What is Net Neutrality?

Net Neutrality has been defined as the principle that ISPs* and governments must treat all data on the Internet the same, and not discriminate or charge differently by user, content, website, platform, application, type of attached equipment or method of communication. Which means, for example, that ISPs are unable to intentionally block, slow down or charge money for specific websites and online content.

*An ISP is an Internet Service Provider, which is the organization that provides services accessing the Internet, and other services including website construction and hosting. So, every time that you connect to the Internet, your connection is through an ISP. Examples of ISPs include SVI, Comcast, Charter, Frontier, Xfinity and AT&T. Your ISP is the company you pay a monthly fee to in order to connect to the Internet, get email, go online, cruise Amazon, etc.

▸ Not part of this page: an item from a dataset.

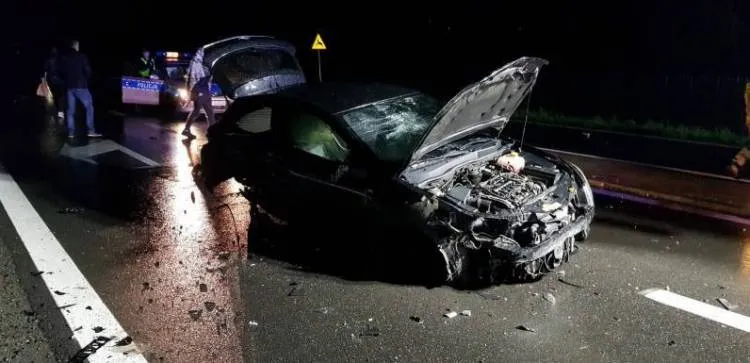 Stadła. Poważny wypadek drogowy. Dwie osoby poszkodowane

You pay a monthly fee to your ISP to access all the wonderment that the Internet has to offer!

 

And???

So, based upon Net Neutrality principles, your ISP could not restrict your access to content (the stuff you want to see), slow it down or charge money for any specific content that you want to see.

This is not related to paid advertising (we are all familiar with those popups).

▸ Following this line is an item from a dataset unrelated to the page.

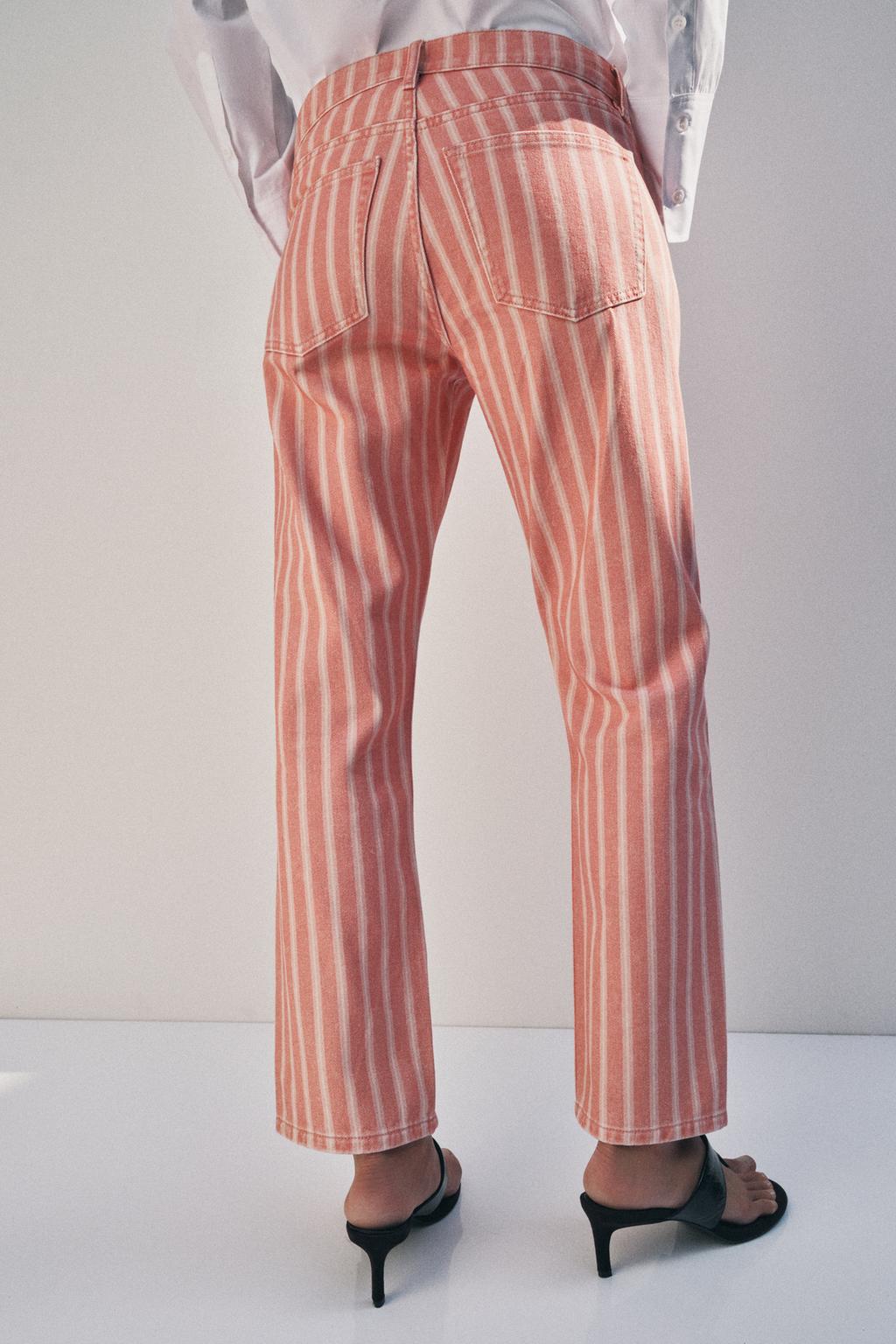 ДЖИНСЫ  СО СРЕДНЕЙ ПОСАДКОЙ И ПОЛОСКАМИ — коллекция Zara «ZW»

A “free” Internet does not mean we get online for free (our fees to the ISP are what we pay to get onto the Internet), but it means that we have free access to all the content that is online, once we are there. It makes more sense to use the word “open” Internet.

 

A Little History on Net Neutrality

Net Neutrality has been an issue of contention since the 1990s. Between 2005 and 2012 corporations supporting both sides of the issue lobbied Congress, and there were five attempts to pass bills which failed. Each bill attempted to prohibit ISPs from implementing variable pricing based on quality of service, AKA “tiered service” and “price discrimination”.

On to more recent times (a little more history):

May 2014: the FCC* considered two options: One permitting fast and slow broadband** lanes (compromising net neutrality) and one reclassifying broadband as a telecommunication service (like telephone service), thus preserving net neutrality.

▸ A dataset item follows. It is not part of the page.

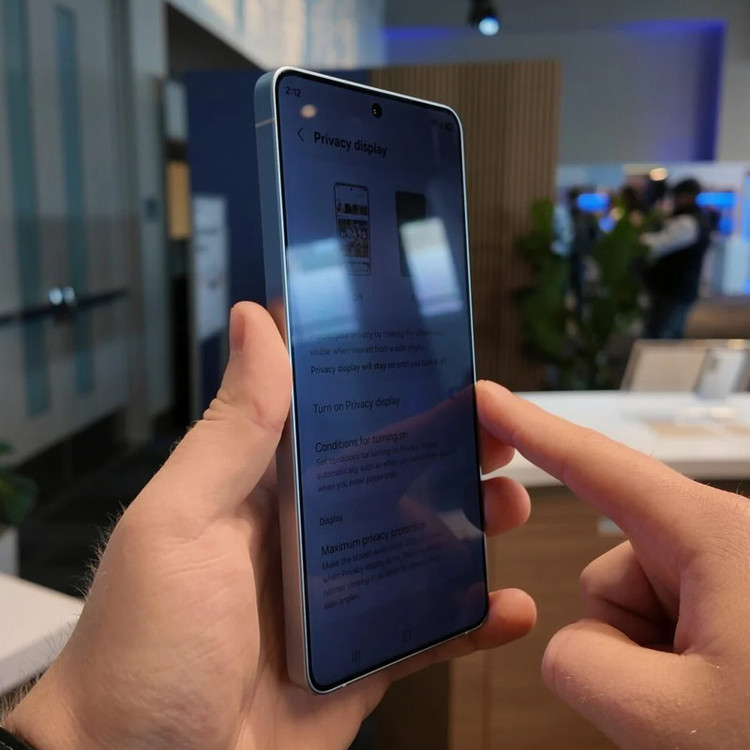 گوشی موبایل سامسونگ مدل Galaxy S26 Ultra دو سیمکارت ظرفیت 256 گیگابایت و رم 12 گیگابایت - ویتنام - به همراه شارژر 50 وات دو پورت سامسونگ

November 2014: President Obama recommends that the FCC reclassify broadband internet service as a telecommunications service (preserving net neutrality).

January 2015: Republicans presented a US House of Representatives discussion draft bill making concessions to net neutrality, but designed to prohibit the FCC from further regulating ISPs.

February 2015: The FCC ruled in favor of net neutrality, reclassifying broadband as a common carrier under Title II. It was previously classified under Title I as an information service.

April 2015: The FCC published the final rule on its new net neutrality regulations.

June 2015: These rules went into effect.

 

*The FCC is the Federal Communications Commission, an independent agency of the United States government created to regulate interstate communications by radio, television, wire, satellite, and cable.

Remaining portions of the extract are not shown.